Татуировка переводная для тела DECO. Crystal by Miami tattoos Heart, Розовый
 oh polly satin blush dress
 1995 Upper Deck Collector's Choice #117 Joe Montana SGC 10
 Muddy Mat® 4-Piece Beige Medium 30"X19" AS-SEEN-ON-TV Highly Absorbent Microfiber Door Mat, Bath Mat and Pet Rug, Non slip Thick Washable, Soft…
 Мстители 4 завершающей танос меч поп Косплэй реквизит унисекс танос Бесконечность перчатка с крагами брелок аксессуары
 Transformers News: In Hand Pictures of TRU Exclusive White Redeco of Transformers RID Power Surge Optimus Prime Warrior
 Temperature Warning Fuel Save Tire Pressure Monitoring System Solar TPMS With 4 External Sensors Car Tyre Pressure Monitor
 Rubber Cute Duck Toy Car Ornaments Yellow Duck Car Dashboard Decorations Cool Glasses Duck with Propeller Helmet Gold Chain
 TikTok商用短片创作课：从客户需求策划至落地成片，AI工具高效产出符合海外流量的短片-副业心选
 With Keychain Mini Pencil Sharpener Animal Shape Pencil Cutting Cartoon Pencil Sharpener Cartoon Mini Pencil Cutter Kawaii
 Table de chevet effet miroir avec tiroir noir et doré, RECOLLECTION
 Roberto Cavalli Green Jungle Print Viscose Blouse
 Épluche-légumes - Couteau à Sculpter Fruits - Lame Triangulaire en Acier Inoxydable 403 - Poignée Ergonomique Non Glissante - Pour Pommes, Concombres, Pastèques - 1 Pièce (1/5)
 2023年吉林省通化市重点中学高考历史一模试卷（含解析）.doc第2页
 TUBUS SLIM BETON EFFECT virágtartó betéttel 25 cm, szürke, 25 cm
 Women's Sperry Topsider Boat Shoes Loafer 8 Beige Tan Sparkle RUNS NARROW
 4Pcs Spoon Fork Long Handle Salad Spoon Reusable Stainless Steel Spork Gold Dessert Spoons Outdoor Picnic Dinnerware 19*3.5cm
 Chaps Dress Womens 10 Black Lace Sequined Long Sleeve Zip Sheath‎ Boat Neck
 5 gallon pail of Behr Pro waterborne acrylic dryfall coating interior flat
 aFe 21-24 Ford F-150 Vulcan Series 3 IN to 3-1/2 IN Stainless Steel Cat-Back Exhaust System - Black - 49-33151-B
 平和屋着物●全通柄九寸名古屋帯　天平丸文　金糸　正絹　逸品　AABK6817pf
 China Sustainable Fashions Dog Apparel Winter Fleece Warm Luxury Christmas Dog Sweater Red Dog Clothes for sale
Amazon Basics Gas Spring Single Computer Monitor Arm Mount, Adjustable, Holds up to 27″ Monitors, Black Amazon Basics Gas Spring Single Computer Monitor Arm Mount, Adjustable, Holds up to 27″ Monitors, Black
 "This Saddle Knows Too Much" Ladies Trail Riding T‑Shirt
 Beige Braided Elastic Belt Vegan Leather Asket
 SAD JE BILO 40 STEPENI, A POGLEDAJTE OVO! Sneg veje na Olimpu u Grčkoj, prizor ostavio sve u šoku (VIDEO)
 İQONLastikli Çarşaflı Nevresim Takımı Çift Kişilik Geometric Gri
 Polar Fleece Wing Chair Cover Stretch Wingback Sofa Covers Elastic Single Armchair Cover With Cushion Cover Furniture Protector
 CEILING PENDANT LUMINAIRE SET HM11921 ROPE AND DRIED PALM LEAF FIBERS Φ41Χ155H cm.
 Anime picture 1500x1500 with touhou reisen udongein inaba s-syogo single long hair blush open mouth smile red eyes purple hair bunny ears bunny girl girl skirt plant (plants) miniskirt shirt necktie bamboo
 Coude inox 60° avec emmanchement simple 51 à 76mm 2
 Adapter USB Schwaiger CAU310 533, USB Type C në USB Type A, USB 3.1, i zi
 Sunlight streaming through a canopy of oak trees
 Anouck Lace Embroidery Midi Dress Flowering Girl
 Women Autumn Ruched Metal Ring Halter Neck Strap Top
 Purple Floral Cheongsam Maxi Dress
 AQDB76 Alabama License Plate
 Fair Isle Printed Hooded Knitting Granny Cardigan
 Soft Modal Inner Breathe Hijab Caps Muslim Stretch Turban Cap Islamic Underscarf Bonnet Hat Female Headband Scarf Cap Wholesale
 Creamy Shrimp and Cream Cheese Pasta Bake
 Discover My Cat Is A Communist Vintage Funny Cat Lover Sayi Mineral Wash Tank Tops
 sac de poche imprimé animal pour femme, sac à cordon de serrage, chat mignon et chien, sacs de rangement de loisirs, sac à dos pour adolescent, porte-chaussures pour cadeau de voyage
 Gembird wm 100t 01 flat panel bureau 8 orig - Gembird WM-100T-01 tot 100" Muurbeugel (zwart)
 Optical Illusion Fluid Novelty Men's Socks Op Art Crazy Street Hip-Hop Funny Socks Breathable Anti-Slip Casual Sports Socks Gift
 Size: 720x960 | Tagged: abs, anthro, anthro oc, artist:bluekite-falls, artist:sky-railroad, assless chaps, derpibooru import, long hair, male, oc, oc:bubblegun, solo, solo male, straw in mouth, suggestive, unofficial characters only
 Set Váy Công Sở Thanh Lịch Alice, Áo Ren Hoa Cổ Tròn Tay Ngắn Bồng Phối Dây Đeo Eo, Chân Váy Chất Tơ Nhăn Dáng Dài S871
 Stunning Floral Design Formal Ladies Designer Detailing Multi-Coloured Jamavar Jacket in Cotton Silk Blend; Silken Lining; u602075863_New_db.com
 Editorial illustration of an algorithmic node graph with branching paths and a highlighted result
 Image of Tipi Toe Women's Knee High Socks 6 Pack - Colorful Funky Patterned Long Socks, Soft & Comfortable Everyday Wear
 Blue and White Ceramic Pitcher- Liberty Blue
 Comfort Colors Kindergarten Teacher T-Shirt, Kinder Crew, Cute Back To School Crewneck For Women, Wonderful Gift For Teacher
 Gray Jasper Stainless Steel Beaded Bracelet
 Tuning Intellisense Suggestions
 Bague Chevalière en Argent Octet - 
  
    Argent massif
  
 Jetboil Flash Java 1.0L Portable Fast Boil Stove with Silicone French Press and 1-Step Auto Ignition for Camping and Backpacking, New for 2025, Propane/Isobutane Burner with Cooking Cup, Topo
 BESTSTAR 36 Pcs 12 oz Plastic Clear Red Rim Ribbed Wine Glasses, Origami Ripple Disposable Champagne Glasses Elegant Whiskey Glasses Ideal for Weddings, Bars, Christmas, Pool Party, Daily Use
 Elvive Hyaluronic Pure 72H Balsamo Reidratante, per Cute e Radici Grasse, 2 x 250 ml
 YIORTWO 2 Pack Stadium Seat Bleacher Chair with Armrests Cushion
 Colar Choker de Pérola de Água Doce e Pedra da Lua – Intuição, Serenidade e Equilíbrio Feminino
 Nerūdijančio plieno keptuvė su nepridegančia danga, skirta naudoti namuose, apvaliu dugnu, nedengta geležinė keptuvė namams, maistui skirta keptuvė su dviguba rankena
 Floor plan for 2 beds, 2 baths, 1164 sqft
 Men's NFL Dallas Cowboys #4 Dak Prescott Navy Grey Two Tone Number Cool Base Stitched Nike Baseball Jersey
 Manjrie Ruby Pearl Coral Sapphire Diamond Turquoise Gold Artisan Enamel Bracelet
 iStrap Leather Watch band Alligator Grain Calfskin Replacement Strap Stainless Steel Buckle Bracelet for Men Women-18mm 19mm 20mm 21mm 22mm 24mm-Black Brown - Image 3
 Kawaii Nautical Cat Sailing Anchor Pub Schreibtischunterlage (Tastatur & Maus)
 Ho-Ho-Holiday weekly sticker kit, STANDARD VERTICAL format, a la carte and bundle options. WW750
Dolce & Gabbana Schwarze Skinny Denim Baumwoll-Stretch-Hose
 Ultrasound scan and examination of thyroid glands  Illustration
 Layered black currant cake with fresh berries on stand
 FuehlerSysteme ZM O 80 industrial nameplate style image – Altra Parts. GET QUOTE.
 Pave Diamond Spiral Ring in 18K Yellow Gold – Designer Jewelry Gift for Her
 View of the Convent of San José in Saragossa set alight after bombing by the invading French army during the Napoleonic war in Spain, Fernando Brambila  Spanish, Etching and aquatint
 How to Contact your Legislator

────────

◆ Task goal ◆
Going back to the entries above, set down exactly the lines that begin at the one with "Bague Chevalière en" and end at the one with "Manjrie Ruby Pearl", both included, and nothing else.

◆ Your response ◆
 Bague Chevalière en Argent Octet - 
  
    Argent massif
  
 Jetboil Flash Java 1.0L Portable Fast Boil Stove with Silicone French Press and 1-Step Auto Ignition for Camping and Backpacking, New for 2025, Propane/Isobutane Burner with Cooking Cup, Topo
 BESTSTAR 36 Pcs 12 oz Plastic Clear Red Rim Ribbed Wine Glasses, Origami Ripple Disposable Champagne Glasses Elegant Whiskey Glasses Ideal for Weddings, Bars, Christmas, Pool Party, Daily Use
 Elvive Hyaluronic Pure 72H Balsamo Reidratante, per Cute e Radici Grasse, 2 x 250 ml
 YIORTWO 2 Pack Stadium Seat Bleacher Chair with Armrests Cushion
 Colar Choker de Pérola de Água Doce e Pedra da Lua – Intuição, Serenidade e Equilíbrio Feminino
 Nerūdijančio plieno keptuvė su nepridegančia danga, skirta naudoti namuose, apvaliu dugnu, nedengta geležinė keptuvė namams, maistui skirta keptuvė su dviguba rankena
 Floor plan for 2 beds, 2 baths, 1164 sqft
 Men's NFL Dallas Cowboys #4 Dak Prescott Navy Grey Two Tone Number Cool Base Stitched Nike Baseball Jersey
 Manjrie Ruby Pearl Coral Sapphire Diamond Turquoise Gold Artisan Enamel Bracelet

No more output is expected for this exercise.